Along with the crumpled burnout remnants that crossed over into the coming decade there were a few cool hippie ideas that had their roots in the 60's but really blossomed in the 70's. Among these were healthy organic food, running (solo fitness in general), yoga and the weird yet wonderful world of non-competitive-everyone wins games. I distinctly remember when I first encountered this new and softer world of sporting. I'd grown up in Maine and let's just say they didn't go for these new fangled ways in Maine . PE at school was a humiliating parade of jock-straps, group showers and Coach Marquard who felt the need to tell us about the biblical consequences of homosexuality or even a thought in that direction. Well when I moved to California imagine my surprise at what was considered PE. Gone were the nightmarish rounds of dodge ball and hockey. In were the spirited sessions of Hagoo, Earth Ball and The Human Machine. It wasn't until many years later when I was working at the SDSU library that I came to truly understand the philosophical underpinnings of my elementary and middle school physical education. I was reshelfing books one day when I grab three big and well-worn tomes all done in Earth tones. The pictures on the cover had what appeared to be a large gathering of slightly Hippie folks engaging in all manner of games. They had parachutes. They were making human pyramids. They were twisted in to various odd positions in some grassy field. One thing about them all was the how damn happy they looked. Everywhere you looked there were handle-bar moustaches, cutoff jean shorts, great big Elton John glasses and waffle iron sized running shoes. Rainbow suspenders were in a healthy abundance and so were various forms of bandanas. The overriding sentiment seemed to be that all of the world's problem could be solved if one would simply chill out and play a game or two. The rules of these games were structured to promote cooperation and minimize direct competition. I actually think that this approach was pretty cool. The strange part of it though was the adult focus of these books. In their very "Whole Earth Catalog" way they presented an imagined utopia that was possible through play. In the way of all things however, PE in public schools swung back more towards the middle. These days it's a combination of the old school and the Hippie approach and that's probably a good thing as well.

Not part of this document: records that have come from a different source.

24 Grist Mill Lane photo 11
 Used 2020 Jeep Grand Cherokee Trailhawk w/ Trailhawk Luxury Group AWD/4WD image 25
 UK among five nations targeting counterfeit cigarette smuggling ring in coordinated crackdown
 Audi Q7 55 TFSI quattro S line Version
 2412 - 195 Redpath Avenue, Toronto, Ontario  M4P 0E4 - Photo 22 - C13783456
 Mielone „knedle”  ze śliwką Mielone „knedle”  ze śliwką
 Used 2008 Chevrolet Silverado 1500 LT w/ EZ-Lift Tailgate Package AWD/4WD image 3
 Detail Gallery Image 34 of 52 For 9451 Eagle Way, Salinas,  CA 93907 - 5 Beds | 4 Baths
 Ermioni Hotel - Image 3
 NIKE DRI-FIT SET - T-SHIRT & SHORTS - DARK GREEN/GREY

What does all of this have to do with the new self titled CD by Softwar? Well, a lot actually. From the artwork to the song titles Softwar have made a deep study of the gentle games approach to PE and in the process have come up with a deeply compelling and weirded out gem of a CD. Softwar is one of the more recent incarnations of the shape shifting, multi-headed Jeweled Antler Collective. These Northern California visionaries have brought us such wonderful and idiosyncratic combos as Thuja, The Skygreen Leopards and Flying Canyon (RIP Cayce Lindner). Softwar is a welcome addition to this roster. The music is a blissed out wash of spacey, echo laden goodness. Small backward, "breath sucked in sound" events multiply and build layers upon layers of drone that mask sweet and playful melodies. Amidst all of this circular carousel music are the gentle yet spooky mantras of Kerry McLaughlin . It's the sound of these chants that gives cohesion and form to the music. Her voice sounds like the kind of singing kids do when they think that no one is listening; sweet and gentle yet a bit scary. The lyrics seem to be the chants that accompany some of the various games mentioned above. Taken out of their "games" context however they are simply strange and beautiful and seem like fragments of some surreal code language, "Take it on the Pru-Eye-Aye, take it on the right". Like so much of the album these vocalizations sneak in and out of the mix. The whole piece plays out like a cat creeping around in the fog. Its layers of mystery are both exotic and inviting. Softwar is a warm and hypnotic debut. Let's hope that they aren't just a one shot side project and that we'll more of their inspired weirdness to enjoy in the future.